[WORK INSTRUCTION] Retype word for word the first line of the listing and each line after it up to the line with "Trinity Speech Bubble", with the pictures taken out.

[DATA]
%%

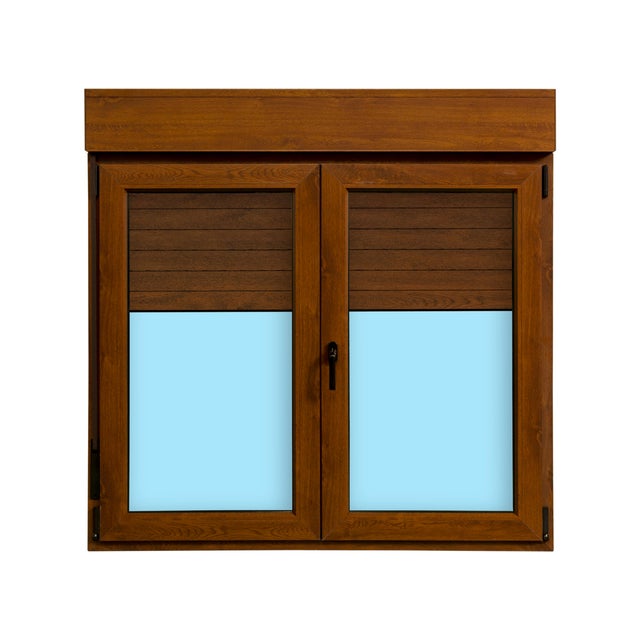 VENTANA PVC OSCILOBATIENTE CON PERSIANA ROBLE 140X138CM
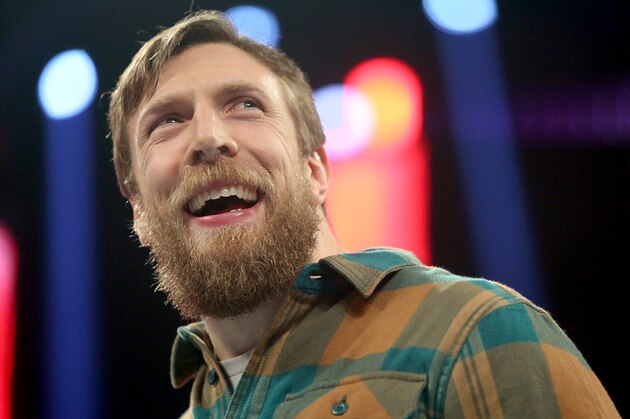 Daniel Bryan smiles before delivering his retirement promo on Raw.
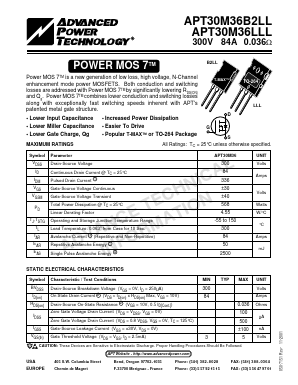 APT30M36LLL Datasheet PDF Advanced Power Technology 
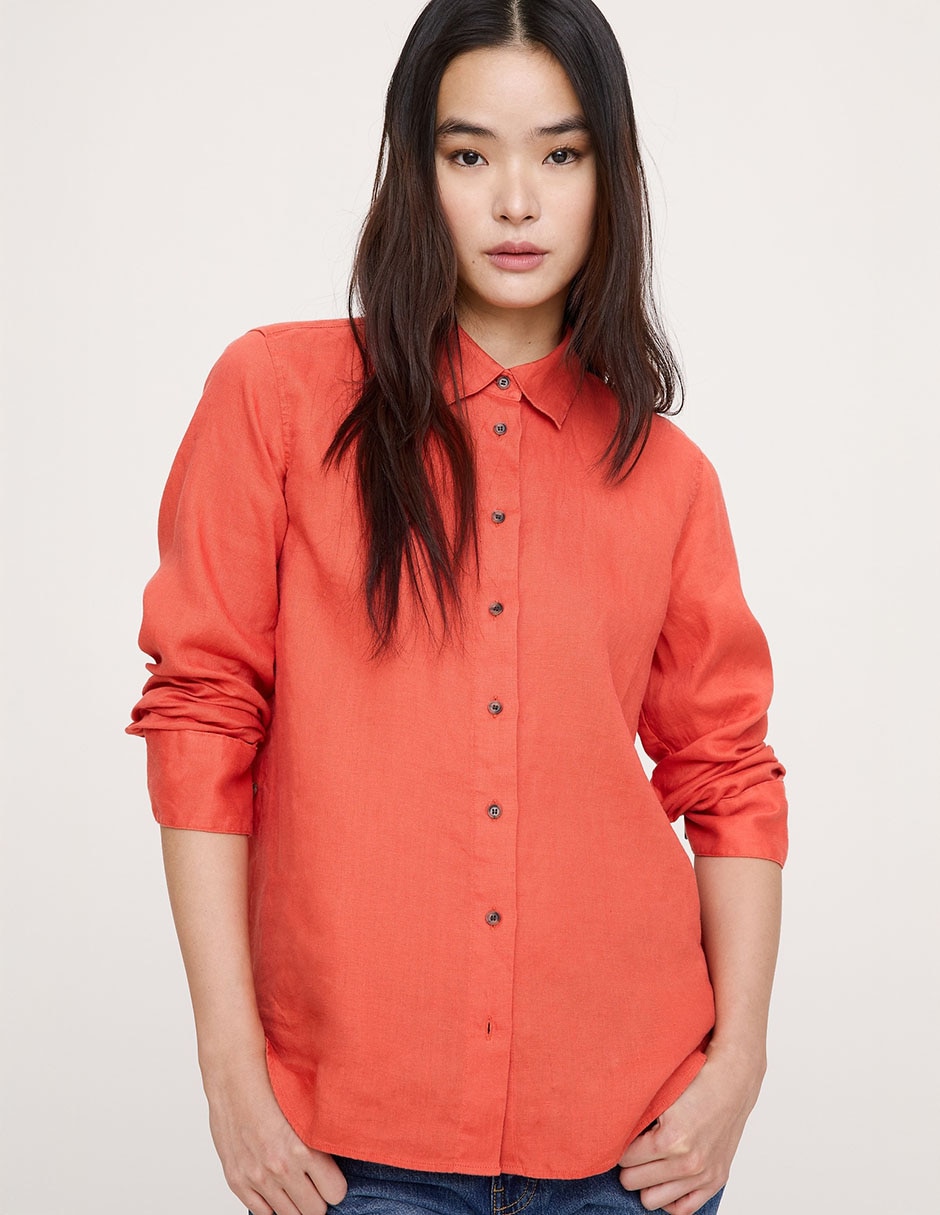 Camisa de lino manga larga para mujer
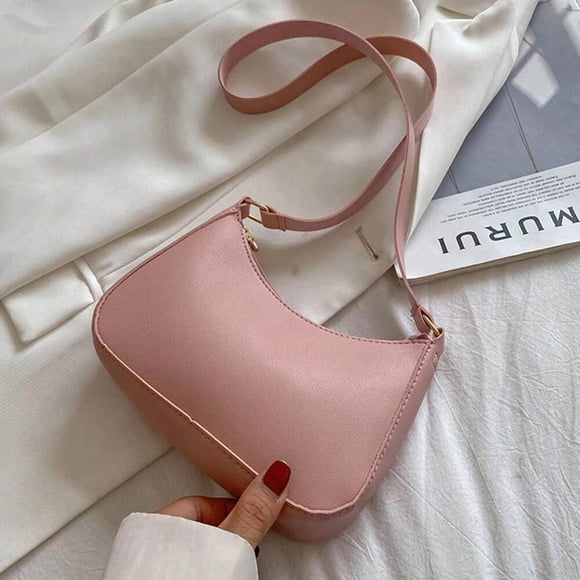 New Women's Fashion Handbag Retro Solid Color PU Leather Shoulder Underarm Bag Casual Women's Hobo Handbag
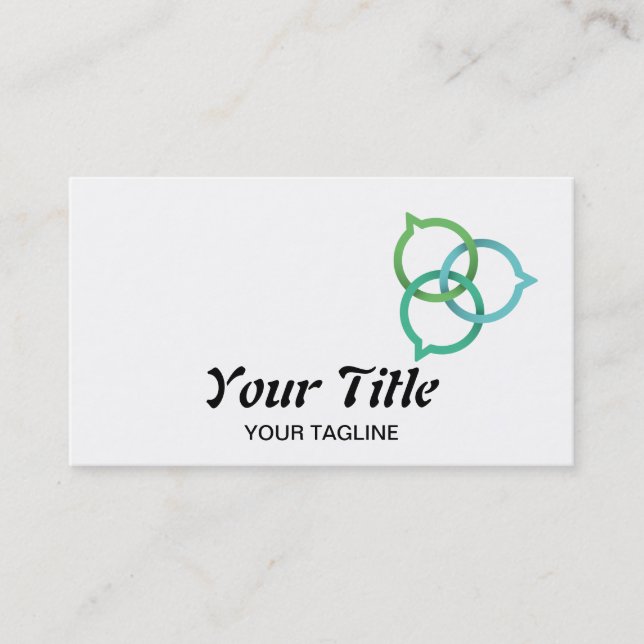 Trinity Speech Bubble Logo (Grüntöne) Visitenkarte (Vorderseite)
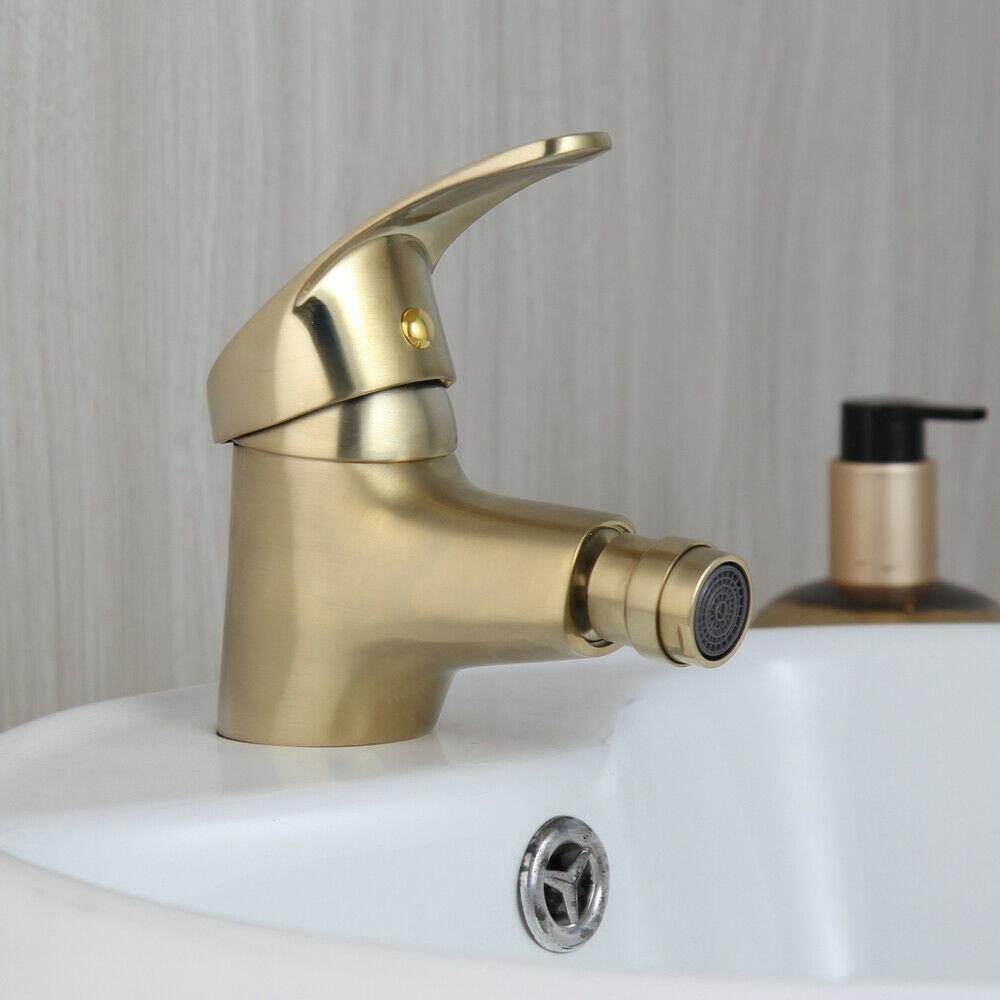 Brushed Gold Stainless Steel Single Hole Ceramic Bathroom Bidet Faucet Wash Basin Sink Mixer Tap Waterfall Spout Hot & Cold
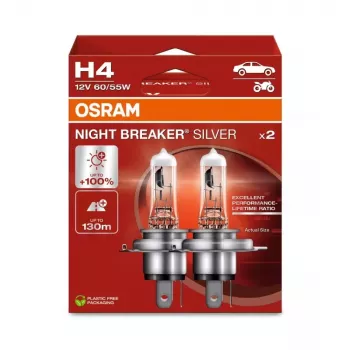 OSRAM NIGHT BREAKER SILVER H4 12 V 60/55 W, 2 vnt.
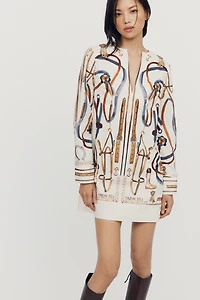 Farm Rio Equestrian 100% Cotton Scarf Cape Mini Dress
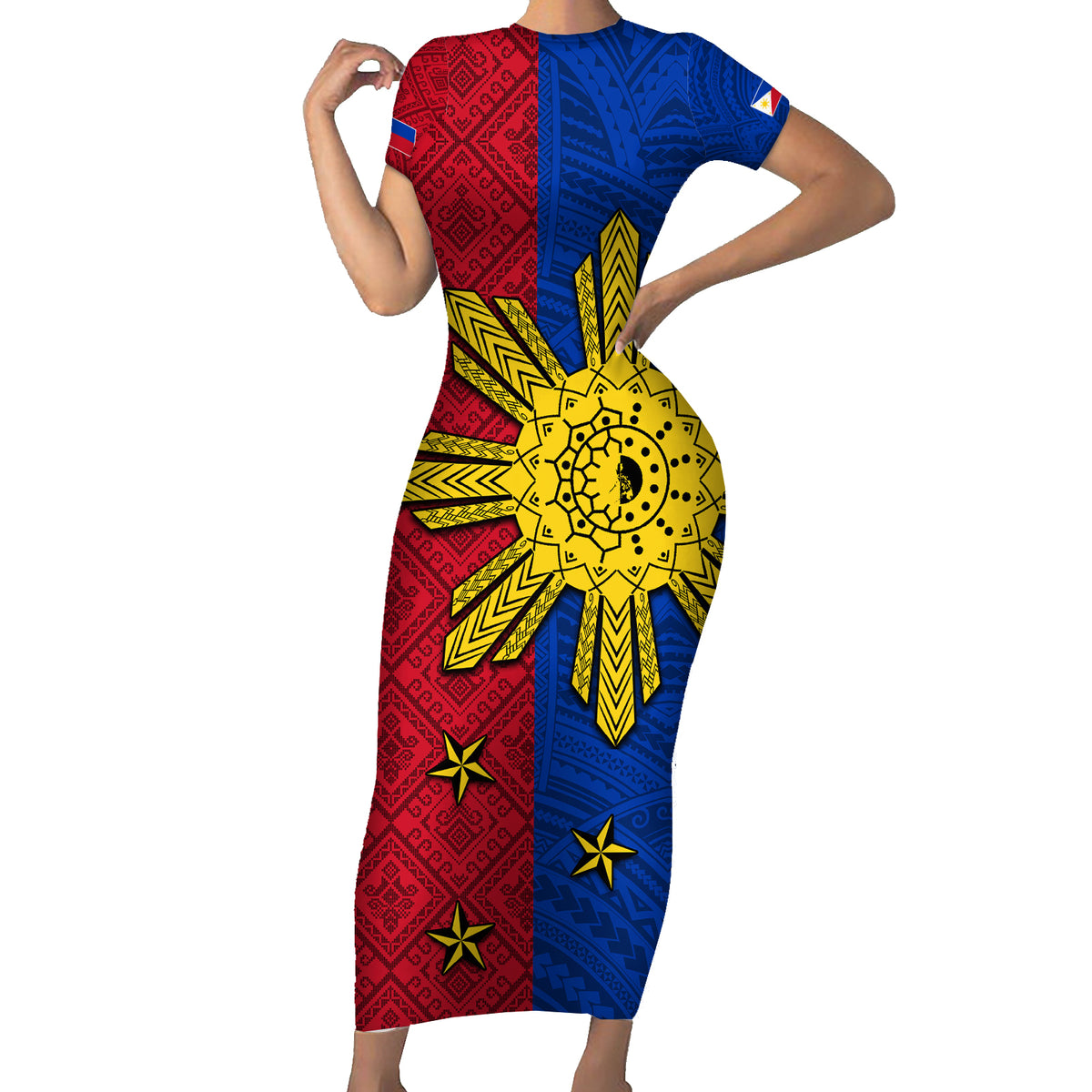 Philippines Sun Batok Tattoo Family Matching Short Sleeve Bodycon Dress and Hawaiian Shirt Polynesian and Yakan Pattern LT03 Mom's Dress Red - Polynesian Pride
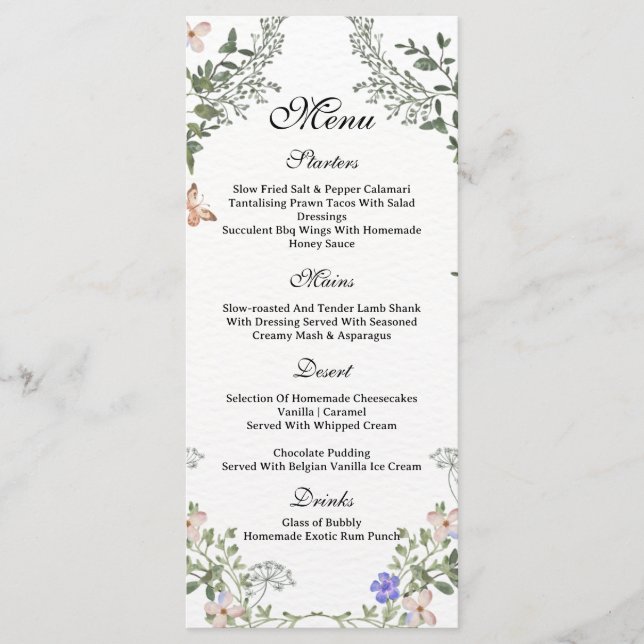 Soft Green Boho Gender Neutral Floral Baby Shower  Menu (Front)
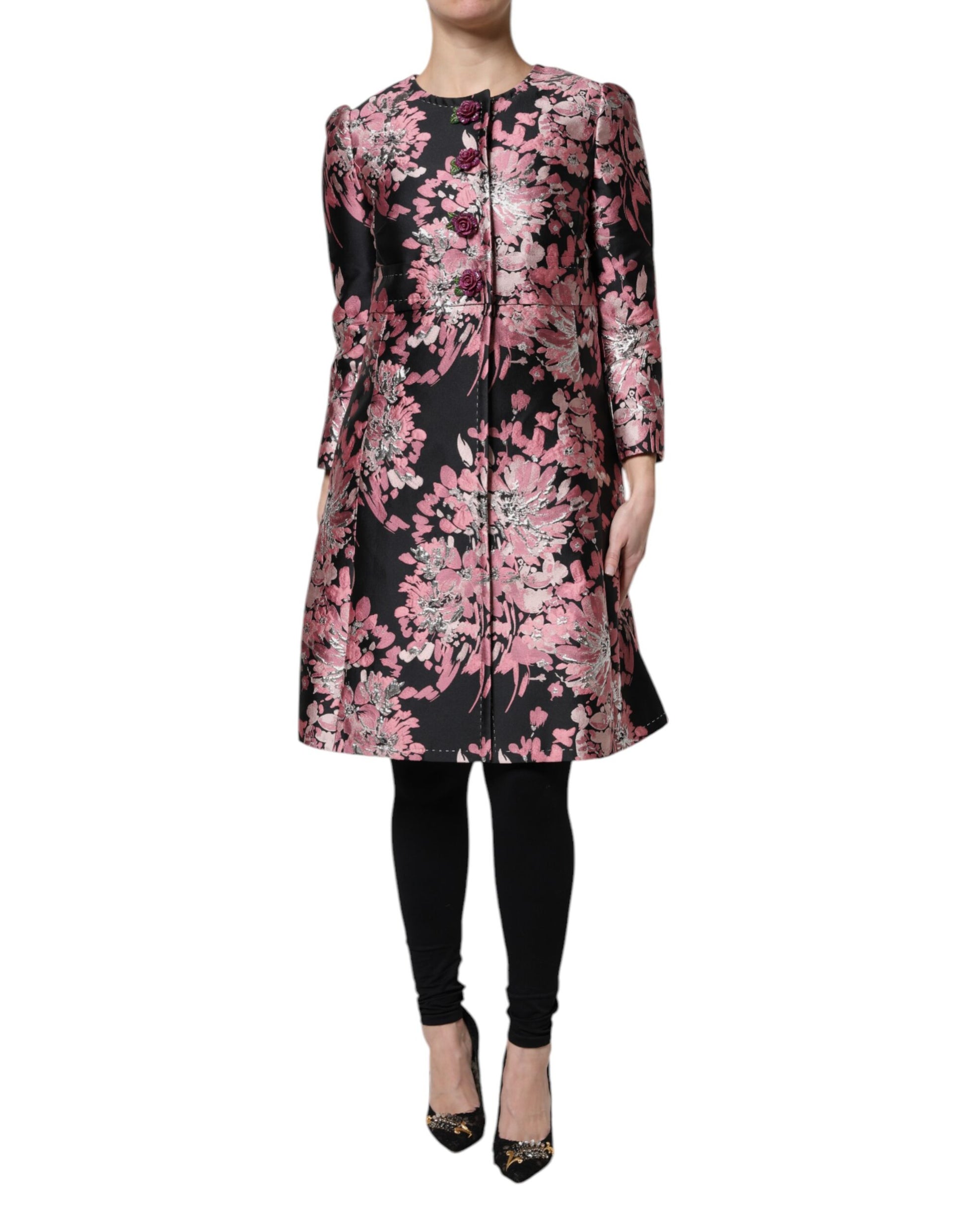 Dolce & Gabbana Pink Black Floral Brocade Trenchcoat Jacket - ACCEXO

%%

[WRITTEN SOLUTION]
 VENTANA PVC OSCILOBATIENTE CON PERSIANA ROBLE 140X138CM
 Daniel Bryan smiles before delivering his retirement promo on Raw.
 APT30M36LLL Datasheet PDF Advanced Power Technology 
 Camisa de lino manga larga para mujer
 New Women's Fashion Handbag Retro Solid Color PU Leather Shoulder Underarm Bag Casual Women's Hobo Handbag
 Trinity Speech Bubble Logo (Grüntöne) Visitenkarte (Vorderseite)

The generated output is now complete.